Context: Head-and-neck cancers (HNCs) are most common cancer in Indian cancer registries. However, there is a huge variation and heterogeneity in use of different types of smokeless tobacco (SLT) consumption across India. Aims: The aims and objectives of this study were to investigate how different types of SLT use are distributed across Indian states and examined its association with different subsites of HNC incidence rates. Settings and Design: Ecological analysis of correlation between SLT prevalence and incidence rates from population-based cancer registries. Methods: Incidence data was extracted from population-based cancer registries report from the National Cancer Registry Programme database 2012–2014. The current SLT uses the prevalence of all Indian States and Union territories from Global Adult Tobacco Survey 2009–2010. Statistical Analysis Used: Pearson's correlation coefficient was used to estimate an ecological correlation between the prevalence of types of SLT uses in different region of India and age-adjusted incidence rate of different subsites of HNC. Results: In our brief analysis, we found a significant correlation between certain types of SLT use and subsite of HNC. Betel quid and tobacco use are correlated (r = 0.53) with oropharynx cancer incidence.
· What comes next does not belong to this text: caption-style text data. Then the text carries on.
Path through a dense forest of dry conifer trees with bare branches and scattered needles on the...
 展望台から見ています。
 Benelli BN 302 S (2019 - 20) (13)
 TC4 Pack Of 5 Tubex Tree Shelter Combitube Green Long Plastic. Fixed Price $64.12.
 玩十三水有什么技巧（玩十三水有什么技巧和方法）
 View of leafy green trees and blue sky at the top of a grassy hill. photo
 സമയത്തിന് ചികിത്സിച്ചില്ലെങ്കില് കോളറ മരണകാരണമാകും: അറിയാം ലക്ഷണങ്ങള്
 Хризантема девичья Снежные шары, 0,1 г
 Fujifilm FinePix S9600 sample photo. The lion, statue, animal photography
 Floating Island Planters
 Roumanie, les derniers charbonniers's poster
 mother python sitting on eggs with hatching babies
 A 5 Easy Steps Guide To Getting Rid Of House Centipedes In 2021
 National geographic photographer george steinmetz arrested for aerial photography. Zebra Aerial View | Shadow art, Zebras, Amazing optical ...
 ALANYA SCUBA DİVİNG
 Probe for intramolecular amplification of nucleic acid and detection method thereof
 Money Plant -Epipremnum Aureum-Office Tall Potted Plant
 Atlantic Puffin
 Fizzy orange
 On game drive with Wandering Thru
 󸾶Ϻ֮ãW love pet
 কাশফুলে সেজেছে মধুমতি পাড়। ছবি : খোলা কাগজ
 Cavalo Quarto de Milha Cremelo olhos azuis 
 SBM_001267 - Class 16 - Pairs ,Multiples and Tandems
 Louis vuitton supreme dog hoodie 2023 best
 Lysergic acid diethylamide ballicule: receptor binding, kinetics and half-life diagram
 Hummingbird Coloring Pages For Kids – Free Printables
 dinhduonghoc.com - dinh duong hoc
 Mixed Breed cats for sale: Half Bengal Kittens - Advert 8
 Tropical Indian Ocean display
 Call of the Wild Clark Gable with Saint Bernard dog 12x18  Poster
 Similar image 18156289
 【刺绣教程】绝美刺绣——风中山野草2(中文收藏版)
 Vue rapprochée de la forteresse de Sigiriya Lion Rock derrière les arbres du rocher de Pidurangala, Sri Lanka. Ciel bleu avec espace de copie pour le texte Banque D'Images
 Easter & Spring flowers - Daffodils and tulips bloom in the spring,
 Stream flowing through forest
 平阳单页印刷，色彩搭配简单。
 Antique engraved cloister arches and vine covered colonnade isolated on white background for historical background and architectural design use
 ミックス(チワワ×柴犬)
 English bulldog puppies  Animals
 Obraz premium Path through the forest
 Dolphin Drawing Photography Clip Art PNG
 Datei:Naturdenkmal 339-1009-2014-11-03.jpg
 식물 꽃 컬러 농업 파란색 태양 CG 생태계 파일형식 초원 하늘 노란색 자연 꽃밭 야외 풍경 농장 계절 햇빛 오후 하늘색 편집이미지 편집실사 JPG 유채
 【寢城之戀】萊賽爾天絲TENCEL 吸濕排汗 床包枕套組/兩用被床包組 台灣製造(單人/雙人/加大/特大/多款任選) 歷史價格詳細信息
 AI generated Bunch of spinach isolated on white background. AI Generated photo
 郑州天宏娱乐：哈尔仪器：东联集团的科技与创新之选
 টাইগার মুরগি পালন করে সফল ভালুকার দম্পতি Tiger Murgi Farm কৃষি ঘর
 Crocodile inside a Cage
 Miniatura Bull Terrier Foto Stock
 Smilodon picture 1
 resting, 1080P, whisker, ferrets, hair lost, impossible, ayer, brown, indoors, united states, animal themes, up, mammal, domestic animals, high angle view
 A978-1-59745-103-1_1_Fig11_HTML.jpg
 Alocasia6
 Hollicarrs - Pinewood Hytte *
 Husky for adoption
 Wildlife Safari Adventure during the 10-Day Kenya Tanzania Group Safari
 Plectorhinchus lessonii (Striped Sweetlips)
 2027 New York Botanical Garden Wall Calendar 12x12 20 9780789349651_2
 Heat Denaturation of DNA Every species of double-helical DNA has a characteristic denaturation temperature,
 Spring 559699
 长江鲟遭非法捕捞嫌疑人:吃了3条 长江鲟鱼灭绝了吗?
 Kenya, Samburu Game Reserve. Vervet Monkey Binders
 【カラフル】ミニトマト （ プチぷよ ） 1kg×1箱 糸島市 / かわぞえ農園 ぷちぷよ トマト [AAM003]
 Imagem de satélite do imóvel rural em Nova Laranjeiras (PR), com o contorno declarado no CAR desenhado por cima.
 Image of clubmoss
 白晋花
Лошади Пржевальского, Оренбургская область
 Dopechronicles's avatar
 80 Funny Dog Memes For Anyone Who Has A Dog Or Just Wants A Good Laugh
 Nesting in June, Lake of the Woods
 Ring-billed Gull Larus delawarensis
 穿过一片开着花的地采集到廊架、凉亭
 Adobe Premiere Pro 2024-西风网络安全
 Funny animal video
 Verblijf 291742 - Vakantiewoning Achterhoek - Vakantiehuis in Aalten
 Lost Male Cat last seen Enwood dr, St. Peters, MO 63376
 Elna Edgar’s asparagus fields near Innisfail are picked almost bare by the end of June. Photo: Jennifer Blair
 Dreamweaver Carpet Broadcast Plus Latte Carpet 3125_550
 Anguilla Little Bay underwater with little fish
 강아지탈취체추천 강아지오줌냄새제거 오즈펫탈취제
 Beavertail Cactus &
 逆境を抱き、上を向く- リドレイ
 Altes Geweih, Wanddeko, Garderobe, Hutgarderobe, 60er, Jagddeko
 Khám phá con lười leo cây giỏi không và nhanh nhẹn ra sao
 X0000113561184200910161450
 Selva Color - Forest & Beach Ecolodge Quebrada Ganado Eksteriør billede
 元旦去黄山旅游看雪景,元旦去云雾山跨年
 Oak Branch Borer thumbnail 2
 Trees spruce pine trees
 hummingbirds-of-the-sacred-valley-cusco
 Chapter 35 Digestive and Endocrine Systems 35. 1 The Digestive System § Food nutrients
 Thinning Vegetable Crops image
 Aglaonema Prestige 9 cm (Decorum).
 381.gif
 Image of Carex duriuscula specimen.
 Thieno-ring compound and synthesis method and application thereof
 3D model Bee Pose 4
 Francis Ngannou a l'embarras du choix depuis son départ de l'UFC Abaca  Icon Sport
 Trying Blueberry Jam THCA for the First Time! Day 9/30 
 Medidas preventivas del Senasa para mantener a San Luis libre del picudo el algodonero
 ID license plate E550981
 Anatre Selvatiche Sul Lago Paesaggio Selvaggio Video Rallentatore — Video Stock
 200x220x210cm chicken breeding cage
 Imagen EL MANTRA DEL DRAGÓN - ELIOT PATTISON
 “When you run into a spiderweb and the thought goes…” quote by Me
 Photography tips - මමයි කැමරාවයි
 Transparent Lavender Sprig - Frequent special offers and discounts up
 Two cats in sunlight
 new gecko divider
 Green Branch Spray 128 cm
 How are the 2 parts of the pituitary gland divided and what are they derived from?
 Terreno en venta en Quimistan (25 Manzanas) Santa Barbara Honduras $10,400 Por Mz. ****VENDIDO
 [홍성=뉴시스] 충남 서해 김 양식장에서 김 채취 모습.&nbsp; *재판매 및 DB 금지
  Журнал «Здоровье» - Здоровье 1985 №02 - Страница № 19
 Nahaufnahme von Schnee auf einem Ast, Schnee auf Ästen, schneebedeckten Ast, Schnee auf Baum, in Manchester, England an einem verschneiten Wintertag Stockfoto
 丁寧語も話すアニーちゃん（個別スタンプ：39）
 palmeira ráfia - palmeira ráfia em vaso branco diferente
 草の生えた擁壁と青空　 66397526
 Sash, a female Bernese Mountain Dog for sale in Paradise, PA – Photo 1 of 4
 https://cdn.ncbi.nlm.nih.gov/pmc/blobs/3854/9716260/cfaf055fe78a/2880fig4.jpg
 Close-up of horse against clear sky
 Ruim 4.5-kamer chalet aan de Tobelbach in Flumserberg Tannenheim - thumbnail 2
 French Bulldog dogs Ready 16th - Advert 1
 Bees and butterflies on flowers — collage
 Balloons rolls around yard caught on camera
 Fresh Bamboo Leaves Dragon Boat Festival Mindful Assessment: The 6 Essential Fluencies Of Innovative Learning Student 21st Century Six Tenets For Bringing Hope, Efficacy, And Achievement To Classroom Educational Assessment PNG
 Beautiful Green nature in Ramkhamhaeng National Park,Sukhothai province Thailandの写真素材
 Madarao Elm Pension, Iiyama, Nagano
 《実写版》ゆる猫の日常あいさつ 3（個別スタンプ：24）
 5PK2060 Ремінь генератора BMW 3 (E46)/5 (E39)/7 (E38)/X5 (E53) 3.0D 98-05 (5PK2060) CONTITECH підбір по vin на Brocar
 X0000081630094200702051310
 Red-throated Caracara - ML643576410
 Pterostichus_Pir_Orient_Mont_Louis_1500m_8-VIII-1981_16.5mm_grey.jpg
Khaini use is correlated with hypopharynx cancer incidence (r = 0.48). Gutka use is correlated with mouth cancer incidence (r = 0.54). Oral tobacco is correlated with mouth cancer incidence (r = 0.46). Other SLT use is correlated for hypopharynx cancer incidence (r = 0.47). Conclusions: The variations in SLT use across Indian states account for differences in incidence rates of HNC subsites across the states. The inferences from this brief analysis can be used as a base to modify and design observational epidemiological studies in the future.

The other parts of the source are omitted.